Athena worked the knot with a frenzied determination, knowing the fall should injure him just enough to make him susceptible to the Infected in the alley.
“You fucking bitch!” Brick shrieked, realizing what was happening. “You’d better hope I don’t get up there!”
“What are you doing?” Sarah’s voice demanded from just behind her ear. Athena snapped upright, blood draining from her face and a coldness creeping up her spine.
Oh my god. How do I explain this? She pulled her shaking hands to her sides searching for words to explain to her best friend why she was about to kill another friend.
“Calvin might have tied that knot,” Sarah pointed to the apparatus. Her words were not coming over Athena’s earbud.
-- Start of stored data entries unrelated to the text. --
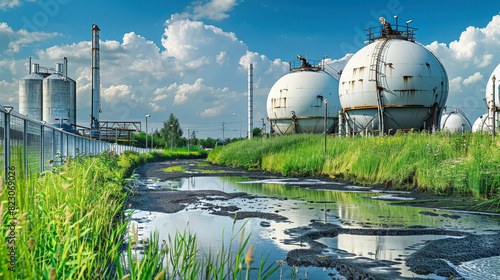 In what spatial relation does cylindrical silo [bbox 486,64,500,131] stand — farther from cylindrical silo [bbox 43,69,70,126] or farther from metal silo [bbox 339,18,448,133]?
cylindrical silo [bbox 43,69,70,126]

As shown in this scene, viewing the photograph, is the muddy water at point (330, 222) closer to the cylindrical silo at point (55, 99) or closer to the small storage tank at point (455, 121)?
the cylindrical silo at point (55, 99)

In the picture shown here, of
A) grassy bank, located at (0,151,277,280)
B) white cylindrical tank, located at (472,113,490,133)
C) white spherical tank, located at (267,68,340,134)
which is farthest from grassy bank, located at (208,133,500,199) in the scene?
white cylindrical tank, located at (472,113,490,133)

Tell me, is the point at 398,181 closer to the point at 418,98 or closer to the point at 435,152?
Answer: the point at 435,152

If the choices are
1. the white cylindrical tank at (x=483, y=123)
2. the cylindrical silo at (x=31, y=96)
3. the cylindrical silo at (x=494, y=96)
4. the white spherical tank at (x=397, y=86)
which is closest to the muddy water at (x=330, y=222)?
the white spherical tank at (x=397, y=86)

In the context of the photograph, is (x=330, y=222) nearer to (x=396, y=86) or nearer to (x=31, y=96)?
(x=396, y=86)

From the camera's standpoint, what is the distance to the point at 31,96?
36.6 meters

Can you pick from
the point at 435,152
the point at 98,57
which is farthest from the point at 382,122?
the point at 98,57

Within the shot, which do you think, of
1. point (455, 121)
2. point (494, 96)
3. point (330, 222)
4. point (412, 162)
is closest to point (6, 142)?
point (330, 222)

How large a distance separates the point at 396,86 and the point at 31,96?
30468 mm

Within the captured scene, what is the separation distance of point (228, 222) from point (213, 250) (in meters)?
2.20

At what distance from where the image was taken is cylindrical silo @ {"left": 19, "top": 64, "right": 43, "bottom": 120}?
36219 millimetres

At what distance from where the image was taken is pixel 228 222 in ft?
25.1

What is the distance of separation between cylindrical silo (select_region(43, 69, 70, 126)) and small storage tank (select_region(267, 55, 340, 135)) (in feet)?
59.6

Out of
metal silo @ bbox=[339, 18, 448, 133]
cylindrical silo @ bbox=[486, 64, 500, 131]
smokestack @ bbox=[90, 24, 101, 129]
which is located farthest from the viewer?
smokestack @ bbox=[90, 24, 101, 129] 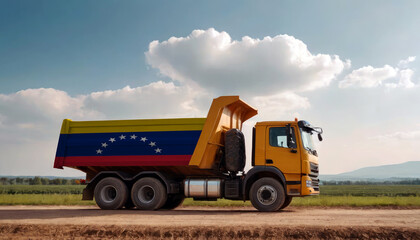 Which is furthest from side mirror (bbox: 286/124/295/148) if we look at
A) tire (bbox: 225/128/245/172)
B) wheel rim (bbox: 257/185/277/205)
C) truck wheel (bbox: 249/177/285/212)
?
tire (bbox: 225/128/245/172)

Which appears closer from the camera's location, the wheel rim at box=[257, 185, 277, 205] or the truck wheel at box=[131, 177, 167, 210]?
the wheel rim at box=[257, 185, 277, 205]

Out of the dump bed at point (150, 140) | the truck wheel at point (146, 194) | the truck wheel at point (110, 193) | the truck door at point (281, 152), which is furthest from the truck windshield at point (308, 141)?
the truck wheel at point (110, 193)

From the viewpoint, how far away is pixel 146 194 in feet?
49.4

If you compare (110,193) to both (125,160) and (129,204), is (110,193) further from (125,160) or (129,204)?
(125,160)

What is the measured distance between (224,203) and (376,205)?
667 centimetres

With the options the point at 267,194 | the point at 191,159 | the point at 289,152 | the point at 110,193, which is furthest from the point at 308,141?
the point at 110,193

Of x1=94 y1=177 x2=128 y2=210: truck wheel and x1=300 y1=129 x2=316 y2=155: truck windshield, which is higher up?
x1=300 y1=129 x2=316 y2=155: truck windshield

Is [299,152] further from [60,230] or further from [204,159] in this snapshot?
[60,230]

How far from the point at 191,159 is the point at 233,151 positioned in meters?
1.51

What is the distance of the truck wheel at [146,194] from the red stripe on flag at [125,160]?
66 centimetres

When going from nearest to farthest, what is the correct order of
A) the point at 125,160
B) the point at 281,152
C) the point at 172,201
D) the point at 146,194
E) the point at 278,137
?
the point at 281,152, the point at 278,137, the point at 125,160, the point at 146,194, the point at 172,201

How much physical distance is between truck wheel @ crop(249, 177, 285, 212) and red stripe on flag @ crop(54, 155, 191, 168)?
257cm

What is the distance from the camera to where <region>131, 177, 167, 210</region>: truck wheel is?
47.8 feet

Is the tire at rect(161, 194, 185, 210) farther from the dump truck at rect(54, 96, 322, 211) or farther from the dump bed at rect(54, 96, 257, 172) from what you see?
the dump bed at rect(54, 96, 257, 172) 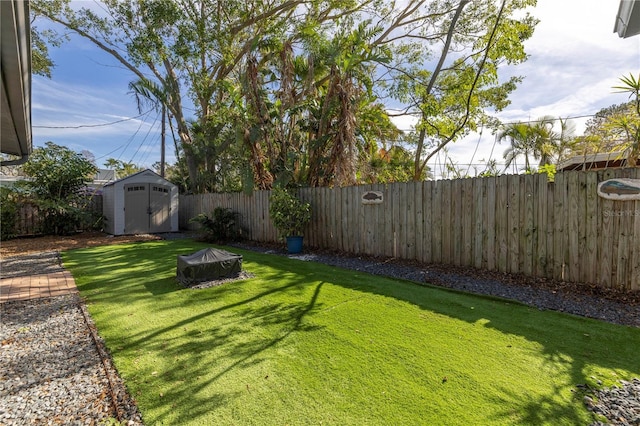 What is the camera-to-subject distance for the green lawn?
205 cm

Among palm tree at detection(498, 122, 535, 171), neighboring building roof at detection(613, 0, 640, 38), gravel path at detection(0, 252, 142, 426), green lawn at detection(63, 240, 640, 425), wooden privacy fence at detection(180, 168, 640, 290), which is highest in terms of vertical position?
palm tree at detection(498, 122, 535, 171)

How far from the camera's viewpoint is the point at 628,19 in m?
1.50

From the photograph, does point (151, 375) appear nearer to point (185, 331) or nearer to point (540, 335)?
point (185, 331)

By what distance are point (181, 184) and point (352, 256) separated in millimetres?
12928

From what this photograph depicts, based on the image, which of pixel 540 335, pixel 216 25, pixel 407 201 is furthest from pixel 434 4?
pixel 540 335

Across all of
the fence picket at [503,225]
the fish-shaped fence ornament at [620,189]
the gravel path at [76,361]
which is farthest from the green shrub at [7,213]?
the fish-shaped fence ornament at [620,189]

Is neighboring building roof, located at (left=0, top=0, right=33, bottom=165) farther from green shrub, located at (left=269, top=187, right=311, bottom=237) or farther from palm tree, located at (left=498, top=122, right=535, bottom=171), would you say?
palm tree, located at (left=498, top=122, right=535, bottom=171)

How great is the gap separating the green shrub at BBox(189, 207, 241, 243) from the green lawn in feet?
17.7

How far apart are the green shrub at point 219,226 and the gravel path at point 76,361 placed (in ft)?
18.5

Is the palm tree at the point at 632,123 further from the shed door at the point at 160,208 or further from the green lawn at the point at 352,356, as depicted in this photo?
the shed door at the point at 160,208

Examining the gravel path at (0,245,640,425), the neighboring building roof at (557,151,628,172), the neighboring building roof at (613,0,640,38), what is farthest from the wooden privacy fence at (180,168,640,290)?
the neighboring building roof at (613,0,640,38)

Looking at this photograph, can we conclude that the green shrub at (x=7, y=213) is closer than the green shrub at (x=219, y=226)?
No

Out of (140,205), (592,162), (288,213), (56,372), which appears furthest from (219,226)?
(592,162)

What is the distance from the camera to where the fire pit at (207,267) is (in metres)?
4.99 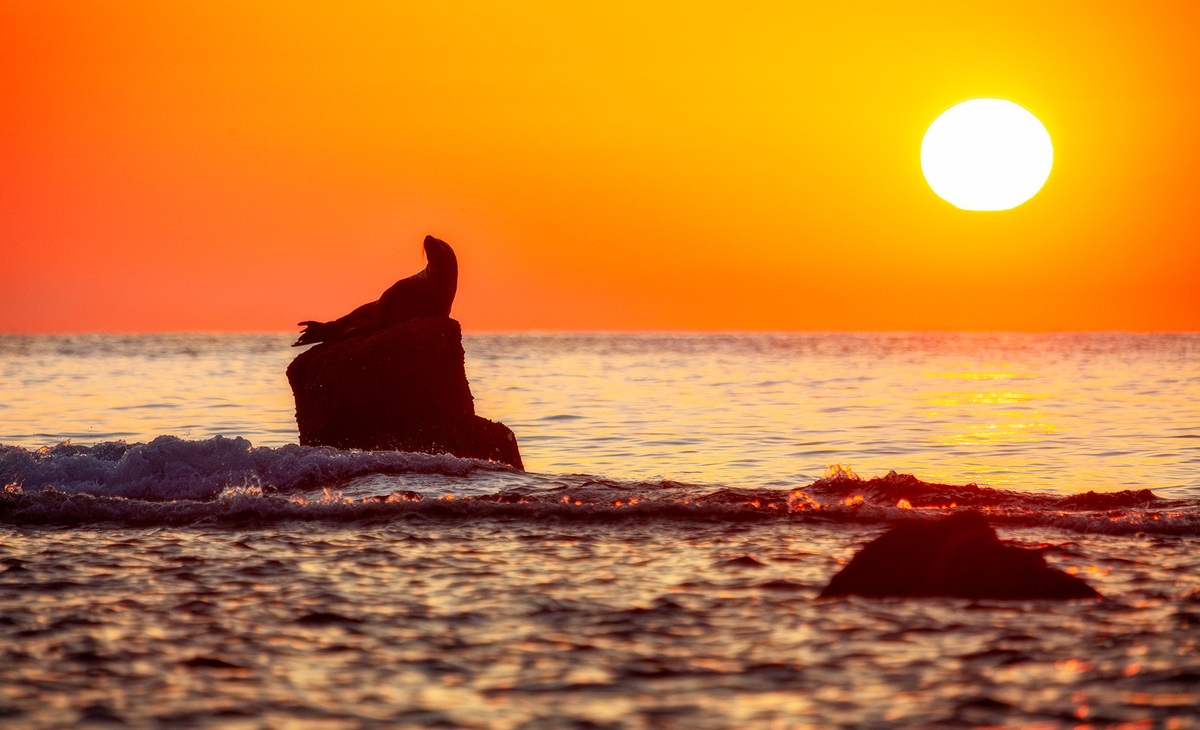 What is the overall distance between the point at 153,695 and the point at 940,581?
6944 mm

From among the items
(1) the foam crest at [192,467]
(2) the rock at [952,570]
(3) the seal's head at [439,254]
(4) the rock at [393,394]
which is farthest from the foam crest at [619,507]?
(3) the seal's head at [439,254]

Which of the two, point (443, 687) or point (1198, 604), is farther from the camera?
point (1198, 604)

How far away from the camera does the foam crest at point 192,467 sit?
18844 mm

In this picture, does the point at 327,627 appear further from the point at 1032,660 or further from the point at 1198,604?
the point at 1198,604

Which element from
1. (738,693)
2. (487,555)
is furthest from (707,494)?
(738,693)

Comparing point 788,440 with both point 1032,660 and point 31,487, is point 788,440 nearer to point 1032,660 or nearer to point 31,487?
point 31,487

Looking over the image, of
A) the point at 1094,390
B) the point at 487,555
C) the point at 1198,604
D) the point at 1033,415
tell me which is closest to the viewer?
the point at 1198,604

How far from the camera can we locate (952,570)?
11312 millimetres

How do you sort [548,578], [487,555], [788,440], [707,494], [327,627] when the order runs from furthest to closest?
1. [788,440]
2. [707,494]
3. [487,555]
4. [548,578]
5. [327,627]

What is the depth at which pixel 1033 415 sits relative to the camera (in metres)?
36.4

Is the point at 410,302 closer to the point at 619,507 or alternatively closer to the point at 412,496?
the point at 412,496

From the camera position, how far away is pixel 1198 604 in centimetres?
1096

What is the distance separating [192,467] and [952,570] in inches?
515

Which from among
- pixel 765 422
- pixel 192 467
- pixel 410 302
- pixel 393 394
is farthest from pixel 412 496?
pixel 765 422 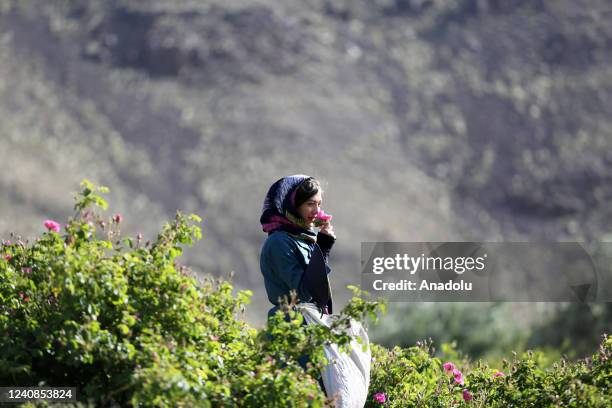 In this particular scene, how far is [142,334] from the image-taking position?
379 centimetres

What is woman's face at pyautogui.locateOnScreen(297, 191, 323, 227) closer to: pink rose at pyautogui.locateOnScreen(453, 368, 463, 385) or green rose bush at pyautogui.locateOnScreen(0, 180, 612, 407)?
green rose bush at pyautogui.locateOnScreen(0, 180, 612, 407)

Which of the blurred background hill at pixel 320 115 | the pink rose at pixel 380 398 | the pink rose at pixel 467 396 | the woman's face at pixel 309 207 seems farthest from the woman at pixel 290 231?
the blurred background hill at pixel 320 115

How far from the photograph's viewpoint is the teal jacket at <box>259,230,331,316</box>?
14.6ft

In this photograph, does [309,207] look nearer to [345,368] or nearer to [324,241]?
[324,241]

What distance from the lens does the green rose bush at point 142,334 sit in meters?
3.60

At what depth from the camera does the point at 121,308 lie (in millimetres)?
3830

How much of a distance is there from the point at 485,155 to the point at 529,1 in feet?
32.7

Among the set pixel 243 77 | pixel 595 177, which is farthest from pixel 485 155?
pixel 243 77

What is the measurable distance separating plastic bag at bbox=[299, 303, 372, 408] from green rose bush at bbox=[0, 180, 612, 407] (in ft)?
0.31

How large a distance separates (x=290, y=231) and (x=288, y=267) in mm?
193

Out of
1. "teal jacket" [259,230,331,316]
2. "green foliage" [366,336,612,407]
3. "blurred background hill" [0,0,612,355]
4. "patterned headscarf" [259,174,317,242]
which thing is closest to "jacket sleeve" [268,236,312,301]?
"teal jacket" [259,230,331,316]

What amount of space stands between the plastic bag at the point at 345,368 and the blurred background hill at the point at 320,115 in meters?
20.1

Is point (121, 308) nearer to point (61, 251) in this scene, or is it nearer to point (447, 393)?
point (61, 251)

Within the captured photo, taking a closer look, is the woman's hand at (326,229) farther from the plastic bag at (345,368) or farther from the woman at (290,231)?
the plastic bag at (345,368) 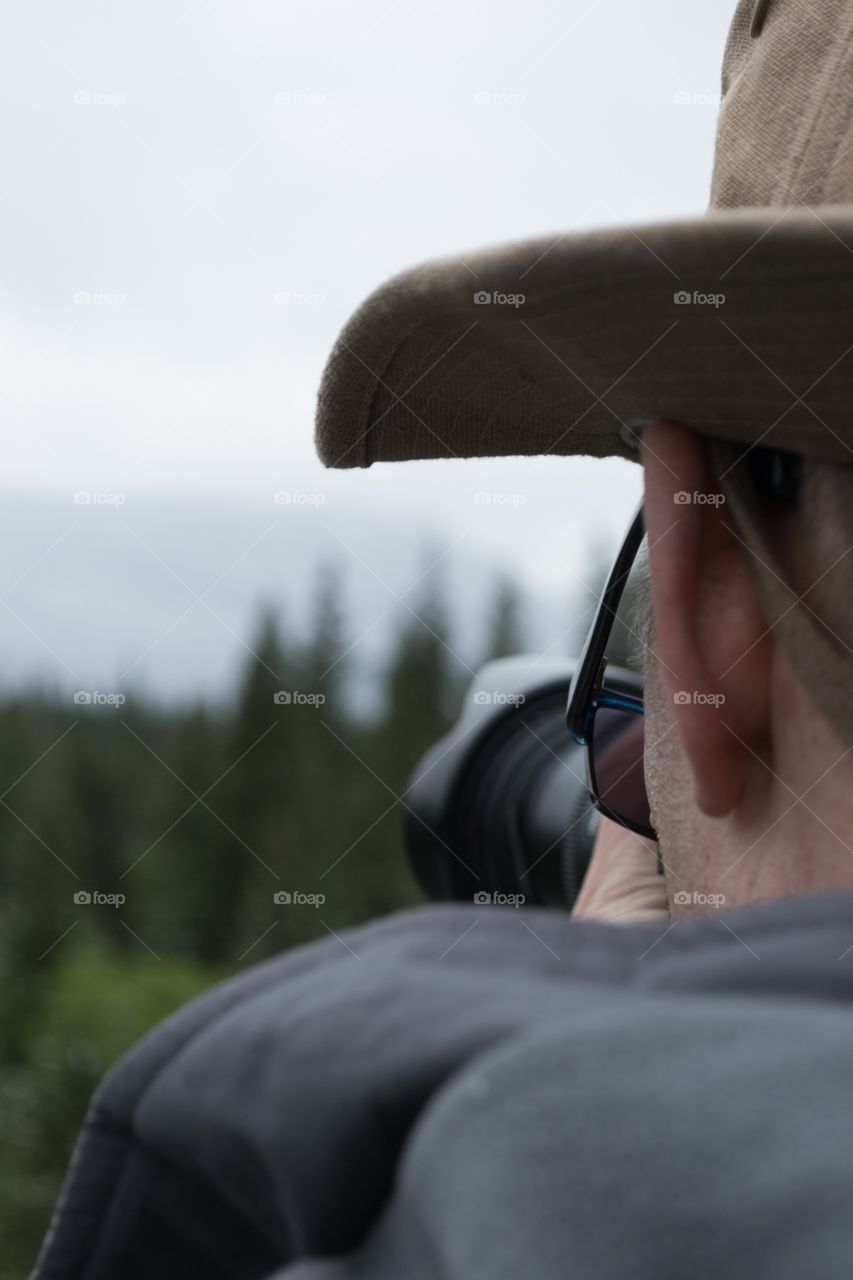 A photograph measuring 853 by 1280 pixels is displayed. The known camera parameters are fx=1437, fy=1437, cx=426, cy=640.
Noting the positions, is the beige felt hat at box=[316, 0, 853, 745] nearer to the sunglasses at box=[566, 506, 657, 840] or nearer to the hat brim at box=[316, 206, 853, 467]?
the hat brim at box=[316, 206, 853, 467]

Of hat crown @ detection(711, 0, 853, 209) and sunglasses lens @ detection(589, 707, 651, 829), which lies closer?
hat crown @ detection(711, 0, 853, 209)

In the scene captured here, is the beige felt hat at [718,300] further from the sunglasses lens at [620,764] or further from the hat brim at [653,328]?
the sunglasses lens at [620,764]

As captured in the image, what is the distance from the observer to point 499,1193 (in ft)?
0.95

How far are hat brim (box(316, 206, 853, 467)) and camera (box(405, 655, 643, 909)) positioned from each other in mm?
565

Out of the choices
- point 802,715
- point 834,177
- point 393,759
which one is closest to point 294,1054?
point 802,715

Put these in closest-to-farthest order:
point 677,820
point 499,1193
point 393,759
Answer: point 499,1193
point 677,820
point 393,759

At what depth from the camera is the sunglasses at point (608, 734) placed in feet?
2.61

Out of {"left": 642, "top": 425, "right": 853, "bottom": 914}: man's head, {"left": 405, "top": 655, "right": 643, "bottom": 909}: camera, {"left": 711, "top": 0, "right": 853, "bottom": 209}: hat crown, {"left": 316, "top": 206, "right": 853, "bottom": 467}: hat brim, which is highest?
{"left": 711, "top": 0, "right": 853, "bottom": 209}: hat crown

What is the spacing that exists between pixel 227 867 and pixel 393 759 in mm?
1392

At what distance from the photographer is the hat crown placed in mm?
474

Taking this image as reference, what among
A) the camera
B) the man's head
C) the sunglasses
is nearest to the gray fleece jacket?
the man's head

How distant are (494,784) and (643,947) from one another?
0.80 metres

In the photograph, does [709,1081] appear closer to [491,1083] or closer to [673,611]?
[491,1083]

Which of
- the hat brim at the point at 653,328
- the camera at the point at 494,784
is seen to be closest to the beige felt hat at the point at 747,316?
the hat brim at the point at 653,328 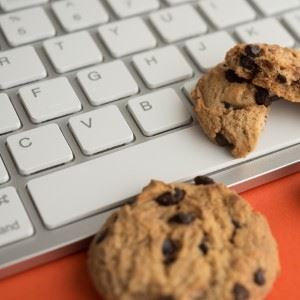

She had turned her mic off. “You want him to have it slipping off on his conscience, along with everything else?”
“What?” Athena nearly collapsed in surprise.
“Here.” Sarah moved to the opposite side of the vent to which the entire homemade contraption was tied. “On three, we both kick. If it comes off, it’s no one’s fault, right? Just metal fatigue.”
Sarah’s face took on a feverish mask of what was clearly hate. Athena would have been very afraid if that anger had been focused upon her but she could feel the window of opportunity quickly closing, the ticks of a countdown clock that must be heeded. The rat-like scratching of his mailed fingers scratched near the top of the roof wall and ragged, raspy grunts emanated from just beneath the rounded edge of the raised white stone.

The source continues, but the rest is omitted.